San Diego Unified recently received recognition at the state and national levels for outperforming similar school districts, which is why some officials believe Marten was picked.
“There’s been a lot of national attention on what’s going on in San Diego,” said John Lee Evans, former San Diego Unified board president.
In 2019 San Diego Unified was one of two large urban districts nationwide to outperform the average for urban districts on national math and reading test scores for fourth- and eighth-graders.
The district also received praise in recent years from multiple think tanks, including the Learning Policy Institute, whose chief executive, Linda Darling-Hammond, heads the California state school board and Biden’s education transition team.
Some strategies San Diego Unified used to improve schools include expanding arts programs, focusing on literacy instruction and using data and feedback to improve teaching and student learning, Marten has said.
Under her leadership San Diego Unified secured a $3.5-billion bond program that has been funding technology and large-scale upgrades to schools.
The district also has implemented several racial equity reforms, including changing the way students are graded to be less punitive, requiring “restorative” rather than punitive discipline, and creating an ethnic studies requirement for high school graduation.
Marten’s term has not been without controversy. Since the start of the coronavirus pandemic, San Diego Unified has remained closed to regular in-person instruction and has been providing in-person support to a few students, generating anger among parents who say children are falling behind and suffering emotionally.
When the school board renewed Marten’s contract in 2019, the board said she had ensured stability in the district and raised performance for Black and Latino students but failed to turn around Lincoln High School, one of the district’s historically struggling schools.
The board also said the district had not succeeded in lowering chronic student absenteeism rates or halting declining enrollment, particularly in preschool.
Barrera said Biden’s choice signals that he wants to invest in and scale up the strategies San Diego Unified uses to improve schools.
“We’re very proud that the work that Cindy has led in San Diego for the past seven and a half years has been recognized on a national level, and now the president-elect wants to bring that work across the country,” Barrera said. “I think it’s a very important moment for our kids because it signals a seriousness on the part of the federal government to invest in public education as a priority, and that’s something that frankly we really have never seen.”
Marten said she has spoken with the school board about ensuring a “seamless transition” once she is confirmed and leaves the district.

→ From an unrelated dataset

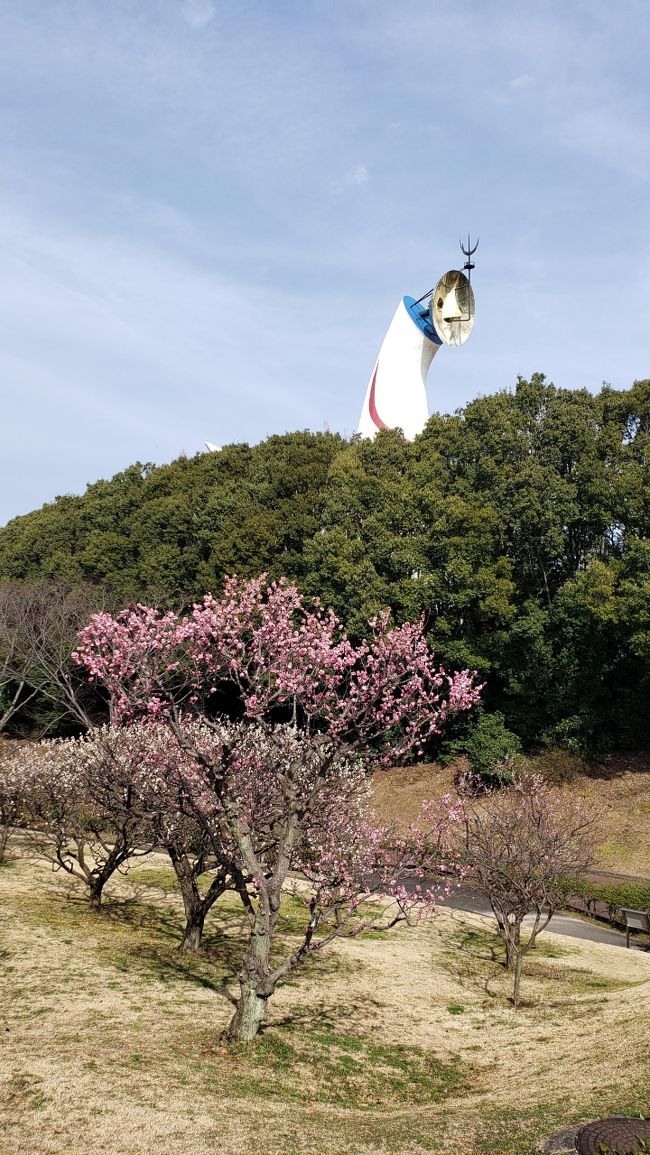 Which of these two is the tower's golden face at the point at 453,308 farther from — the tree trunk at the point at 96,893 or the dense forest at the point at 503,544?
the tree trunk at the point at 96,893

“I have had the joy of watching some of our students learn to read for the first time. I’ve seen others become the first in their families to graduate from college,” she wrote in a letter to San Diego Unified families Monday morning.

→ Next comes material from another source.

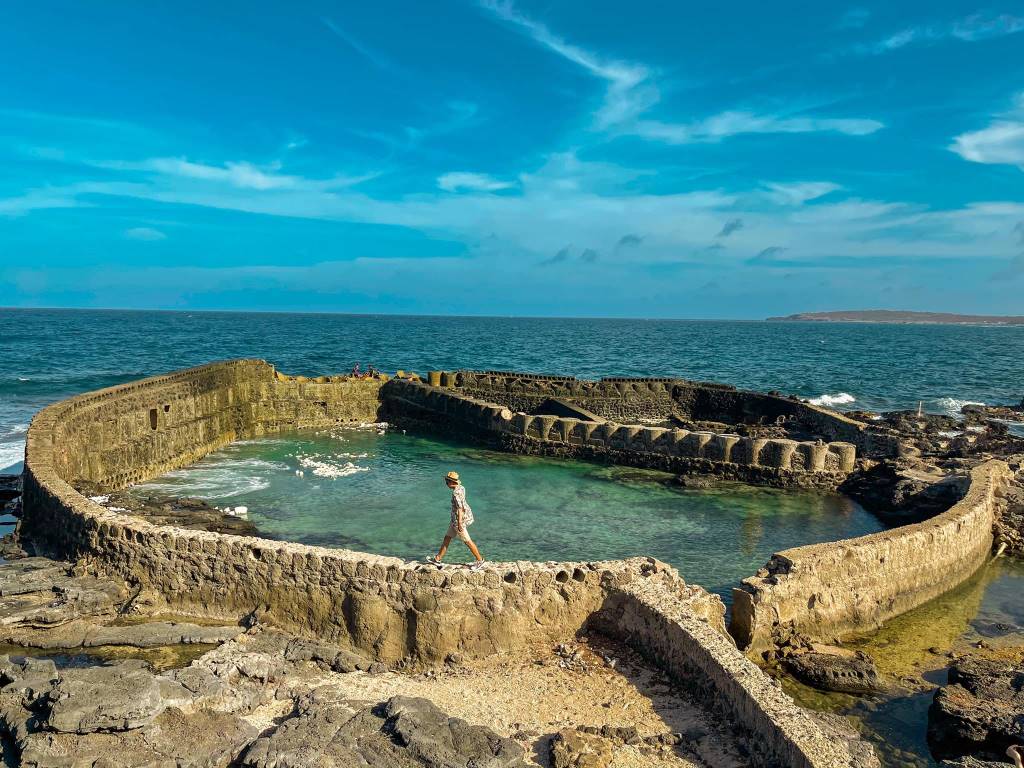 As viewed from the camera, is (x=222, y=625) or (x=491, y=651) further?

“I had the privilege of seeing the middle school I attended be replaced by a brand new state-of-the-art building as part of an $8 billion bond program. It is the love and support of my hometown that has made all of this possible, and I am deeply grateful for having been entrusted with the sacred responsibility of educating your children.”

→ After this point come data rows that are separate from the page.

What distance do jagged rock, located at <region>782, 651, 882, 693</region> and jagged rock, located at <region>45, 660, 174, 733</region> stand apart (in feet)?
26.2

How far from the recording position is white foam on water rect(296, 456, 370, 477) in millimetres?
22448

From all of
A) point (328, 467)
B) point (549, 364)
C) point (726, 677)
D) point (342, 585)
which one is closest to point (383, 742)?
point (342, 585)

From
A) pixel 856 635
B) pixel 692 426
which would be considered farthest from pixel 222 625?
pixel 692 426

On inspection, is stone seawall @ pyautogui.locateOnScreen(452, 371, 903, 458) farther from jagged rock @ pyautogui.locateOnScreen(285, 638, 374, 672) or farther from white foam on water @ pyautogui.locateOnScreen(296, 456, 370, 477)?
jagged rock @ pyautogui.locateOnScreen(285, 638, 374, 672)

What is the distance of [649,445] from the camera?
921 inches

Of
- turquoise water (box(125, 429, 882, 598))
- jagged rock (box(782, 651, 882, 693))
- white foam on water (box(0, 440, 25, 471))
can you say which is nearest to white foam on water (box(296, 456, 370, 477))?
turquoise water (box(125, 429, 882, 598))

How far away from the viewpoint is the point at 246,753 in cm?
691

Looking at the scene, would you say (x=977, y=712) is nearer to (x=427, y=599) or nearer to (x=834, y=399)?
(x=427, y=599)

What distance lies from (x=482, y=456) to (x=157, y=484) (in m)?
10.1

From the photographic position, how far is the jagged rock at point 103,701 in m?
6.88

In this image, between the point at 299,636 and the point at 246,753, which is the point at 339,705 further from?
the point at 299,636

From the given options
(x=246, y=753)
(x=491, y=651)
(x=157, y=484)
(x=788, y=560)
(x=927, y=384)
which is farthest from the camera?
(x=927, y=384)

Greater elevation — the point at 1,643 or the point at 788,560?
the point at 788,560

Marten, who is from a Chicago suburb, moved with her family to San Diego at a young age. She attended San Diego Unified’s Hardy Elementary and Horace Mann Middle schools as well as the private La Jolla Country Day School.
Marten has said she was inspired to become a teacher by her older brother Charley Cohen, who is developmentally disabled. She has a bachelor’s degree from the University of Wisconsin at La Crosse and a master’s in curriculum and instruction from UC San Diego.
4:05 p.m. Jan. 18, 2021: This story has been updated to include information about the school board’s pick of interim superintendent.
4:05 p.m. Jan. 18, 2021: This story has been updated to include more comments from Superintendent Cindy Marten and more information about the district.